C’est pourquoi la campagne BDS est si pertinente. Elle offre un cadre international pour agir dans le but d’aider le peuple palestinien à obtenir ses droits légitimes, à la fois au niveau institutionnel – les États et les institutions internationales – et au niveau de la société civile. D’un côté, elle s’adresse à la communauté internationale, lui demandant de sanctionner un État qui viole systématiquement la loi internationale, les conventions de Genève, et les différents accords signés. De l’autre, elle appelle la société civile à l’échelle mondiale à agir, aussi bien comme individus que comme mouvements sociaux (syndicats, partis, conseils municipaux, associations, etc.) pour boycotter les biens, les personnalités officielles, les institutions, etc. qui représentent l’État colonial israélien.

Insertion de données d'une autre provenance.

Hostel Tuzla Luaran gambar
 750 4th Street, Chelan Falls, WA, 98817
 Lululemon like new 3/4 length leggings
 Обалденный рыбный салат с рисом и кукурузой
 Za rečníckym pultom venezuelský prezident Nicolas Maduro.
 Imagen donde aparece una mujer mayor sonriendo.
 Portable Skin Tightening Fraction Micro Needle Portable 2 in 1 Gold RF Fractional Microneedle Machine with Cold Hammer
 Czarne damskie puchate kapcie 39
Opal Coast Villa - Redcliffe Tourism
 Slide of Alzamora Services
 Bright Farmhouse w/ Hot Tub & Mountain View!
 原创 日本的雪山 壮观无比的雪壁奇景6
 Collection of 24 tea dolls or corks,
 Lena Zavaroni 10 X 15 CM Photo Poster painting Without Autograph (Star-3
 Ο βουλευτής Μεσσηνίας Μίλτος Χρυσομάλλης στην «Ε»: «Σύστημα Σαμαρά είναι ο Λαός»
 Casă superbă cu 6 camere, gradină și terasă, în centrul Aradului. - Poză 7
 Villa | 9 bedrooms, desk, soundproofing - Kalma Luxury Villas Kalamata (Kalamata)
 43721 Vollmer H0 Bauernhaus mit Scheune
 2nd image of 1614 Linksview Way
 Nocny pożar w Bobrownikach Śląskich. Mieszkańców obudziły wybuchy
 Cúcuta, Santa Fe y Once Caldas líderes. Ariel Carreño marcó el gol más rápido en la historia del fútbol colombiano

Les deux tâches (boycott et sanctions) seront finalement une pression sur le peuple israélien, les poussant à comprendre que l’occupation et la colonisation ont un prix, que la violation des règles du droit international fera tôt ou tard de l’État d’Israël un pays infréquentable, non admis dans la communauté des nations civilisées. Exactement comme l’Afrique du Sud dans les dernières décennies de l’apartheid. En ce sens, et contrairement à ce que dit Uri, le BDS s’adresse au public israélien, et, dès maintenant, est la seule façon de provoquer un changement dans l’attitude des Israéliens vis-à-vis de l’occupation/colonisation. Si on compare cette campagne BDS à la campagne de boycott anti-apartheid qui a pris vingt ans pour commencer à porter ses fruits, on ne peut qu’être surpris de l’efficacité déjà acquise par la campagne BDS contre Israël et dont, en Israël même, nous sommes témoins des premiers effets.
La campagne BDS a été lancée par une large coalition de mouvements politiques et sociaux palestiniens. Aucun Israélien qui affirme soutenir les droits du peuple palestinien ne peut décemment tourner le dos à cette campagne : après avoir affirmé pendant des années que « la lutte armée n’est pas le bon choix », ce serait un comble que les mêmes militants israéliens veuillent disqualifier cette stratégie du BDS. Au contraire, nous devons tous ensemble rejoindre la campagne « Boycott de l’intérieur » (« Boycott from Within ») dans le but d’apporter un soutien israélien à cette initiative palestinienne. C’est le minimum que nous pouvons faire, et c’est le minimum que nous devons faire.
1. Neve Gordon est un politologue et historien israélien qui soutient la campagne BDS.